(Brief descriptive captions)
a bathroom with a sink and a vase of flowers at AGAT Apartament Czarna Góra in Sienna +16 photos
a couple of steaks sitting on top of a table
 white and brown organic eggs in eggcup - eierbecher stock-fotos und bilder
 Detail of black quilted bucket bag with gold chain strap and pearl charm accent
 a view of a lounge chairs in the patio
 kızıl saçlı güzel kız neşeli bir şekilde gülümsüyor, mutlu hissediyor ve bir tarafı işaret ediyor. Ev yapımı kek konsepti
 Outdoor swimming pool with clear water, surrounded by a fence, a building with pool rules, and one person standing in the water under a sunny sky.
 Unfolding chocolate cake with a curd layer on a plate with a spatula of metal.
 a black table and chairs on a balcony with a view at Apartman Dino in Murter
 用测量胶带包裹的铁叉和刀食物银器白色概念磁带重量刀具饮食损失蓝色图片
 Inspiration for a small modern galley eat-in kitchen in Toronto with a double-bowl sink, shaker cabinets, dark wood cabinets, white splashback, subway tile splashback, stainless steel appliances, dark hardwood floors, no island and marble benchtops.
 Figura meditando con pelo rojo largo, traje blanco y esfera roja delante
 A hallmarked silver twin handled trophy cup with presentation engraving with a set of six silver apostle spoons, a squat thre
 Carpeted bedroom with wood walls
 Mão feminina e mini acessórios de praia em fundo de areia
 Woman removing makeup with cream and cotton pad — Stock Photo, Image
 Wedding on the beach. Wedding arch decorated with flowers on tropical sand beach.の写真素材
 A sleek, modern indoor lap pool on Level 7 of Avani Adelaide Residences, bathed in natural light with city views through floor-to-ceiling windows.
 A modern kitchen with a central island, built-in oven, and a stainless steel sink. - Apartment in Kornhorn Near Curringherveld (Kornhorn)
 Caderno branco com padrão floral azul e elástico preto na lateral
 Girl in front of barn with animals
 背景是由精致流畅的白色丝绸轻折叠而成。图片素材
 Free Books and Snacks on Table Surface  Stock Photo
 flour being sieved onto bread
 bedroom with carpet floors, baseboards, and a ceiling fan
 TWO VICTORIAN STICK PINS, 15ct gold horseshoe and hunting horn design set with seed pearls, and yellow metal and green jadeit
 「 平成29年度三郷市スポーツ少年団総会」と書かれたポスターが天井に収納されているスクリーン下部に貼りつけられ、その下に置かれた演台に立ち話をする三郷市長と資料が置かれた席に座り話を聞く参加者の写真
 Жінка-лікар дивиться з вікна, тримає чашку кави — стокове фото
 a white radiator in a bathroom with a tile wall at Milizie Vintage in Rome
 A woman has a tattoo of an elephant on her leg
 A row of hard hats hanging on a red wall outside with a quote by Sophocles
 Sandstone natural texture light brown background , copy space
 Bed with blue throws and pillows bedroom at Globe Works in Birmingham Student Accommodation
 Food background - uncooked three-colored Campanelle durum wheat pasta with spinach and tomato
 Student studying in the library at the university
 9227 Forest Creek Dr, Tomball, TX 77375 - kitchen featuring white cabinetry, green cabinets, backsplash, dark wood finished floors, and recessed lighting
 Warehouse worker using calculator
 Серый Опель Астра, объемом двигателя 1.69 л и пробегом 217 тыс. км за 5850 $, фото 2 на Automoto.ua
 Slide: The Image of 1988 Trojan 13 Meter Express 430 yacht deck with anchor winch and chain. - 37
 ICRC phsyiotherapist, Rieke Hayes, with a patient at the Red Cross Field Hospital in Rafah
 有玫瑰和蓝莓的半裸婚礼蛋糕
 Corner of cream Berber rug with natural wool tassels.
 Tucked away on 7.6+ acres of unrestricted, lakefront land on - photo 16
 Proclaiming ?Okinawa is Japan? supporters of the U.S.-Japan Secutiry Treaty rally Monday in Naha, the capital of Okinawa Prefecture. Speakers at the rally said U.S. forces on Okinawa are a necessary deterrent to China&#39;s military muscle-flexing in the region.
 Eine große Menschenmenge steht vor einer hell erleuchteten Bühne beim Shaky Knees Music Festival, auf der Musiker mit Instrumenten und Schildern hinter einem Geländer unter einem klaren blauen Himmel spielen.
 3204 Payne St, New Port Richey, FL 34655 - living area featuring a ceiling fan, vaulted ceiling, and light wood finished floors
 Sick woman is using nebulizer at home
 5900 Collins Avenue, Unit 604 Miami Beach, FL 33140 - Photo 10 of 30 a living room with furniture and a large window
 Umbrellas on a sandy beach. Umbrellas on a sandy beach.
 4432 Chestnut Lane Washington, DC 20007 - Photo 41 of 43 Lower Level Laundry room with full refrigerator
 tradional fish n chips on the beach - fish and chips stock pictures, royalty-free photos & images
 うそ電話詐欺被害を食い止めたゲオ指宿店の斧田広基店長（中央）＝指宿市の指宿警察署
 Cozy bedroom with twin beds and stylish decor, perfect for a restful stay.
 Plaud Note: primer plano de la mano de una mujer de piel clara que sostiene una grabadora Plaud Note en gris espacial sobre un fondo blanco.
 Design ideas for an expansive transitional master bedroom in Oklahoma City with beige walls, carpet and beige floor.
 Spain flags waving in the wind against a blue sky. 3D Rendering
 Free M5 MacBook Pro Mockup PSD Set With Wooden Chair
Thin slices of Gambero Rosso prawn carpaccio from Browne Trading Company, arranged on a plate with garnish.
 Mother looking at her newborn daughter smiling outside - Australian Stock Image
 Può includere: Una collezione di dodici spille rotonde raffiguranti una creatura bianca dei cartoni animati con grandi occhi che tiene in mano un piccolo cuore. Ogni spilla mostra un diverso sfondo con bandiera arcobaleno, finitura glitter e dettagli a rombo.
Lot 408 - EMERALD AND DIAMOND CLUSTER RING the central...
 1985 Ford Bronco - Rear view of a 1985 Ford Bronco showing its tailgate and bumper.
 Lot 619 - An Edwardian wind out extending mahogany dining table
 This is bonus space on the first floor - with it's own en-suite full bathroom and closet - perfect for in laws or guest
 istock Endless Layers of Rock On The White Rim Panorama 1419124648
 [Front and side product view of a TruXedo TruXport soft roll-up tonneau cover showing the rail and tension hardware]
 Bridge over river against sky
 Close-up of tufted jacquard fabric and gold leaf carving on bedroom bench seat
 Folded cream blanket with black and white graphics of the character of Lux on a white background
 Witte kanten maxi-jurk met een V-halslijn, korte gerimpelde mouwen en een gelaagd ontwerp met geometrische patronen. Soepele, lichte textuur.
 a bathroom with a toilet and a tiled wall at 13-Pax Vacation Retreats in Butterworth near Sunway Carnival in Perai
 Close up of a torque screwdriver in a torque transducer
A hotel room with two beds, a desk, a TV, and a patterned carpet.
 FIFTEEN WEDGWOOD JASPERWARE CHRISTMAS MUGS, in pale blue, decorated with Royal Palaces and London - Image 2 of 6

AIM OF THE TASK
The required output is the exact run of lines from the beginning of the records to the line with "Figura meditando con", that line included.

RESPONSE BOX
a bathroom with a sink and a vase of flowers at AGAT Apartament Czarna Góra in Sienna +16 photos
a couple of steaks sitting on top of a table
 white and brown organic eggs in eggcup - eierbecher stock-fotos und bilder
 Detail of black quilted bucket bag with gold chain strap and pearl charm accent
 a view of a lounge chairs in the patio
 kızıl saçlı güzel kız neşeli bir şekilde gülümsüyor, mutlu hissediyor ve bir tarafı işaret ediyor. Ev yapımı kek konsepti
 Outdoor swimming pool with clear water, surrounded by a fence, a building with pool rules, and one person standing in the water under a sunny sky.
 Unfolding chocolate cake with a curd layer on a plate with a spatula of metal.
 a black table and chairs on a balcony with a view at Apartman Dino in Murter
 用测量胶带包裹的铁叉和刀食物银器白色概念磁带重量刀具饮食损失蓝色图片
 Inspiration for a small modern galley eat-in kitchen in Toronto with a double-bowl sink, shaker cabinets, dark wood cabinets, white splashback, subway tile splashback, stainless steel appliances, dark hardwood floors, no island and marble benchtops.
 Figura meditando con pelo rojo largo, traje blanco y esfera roja delante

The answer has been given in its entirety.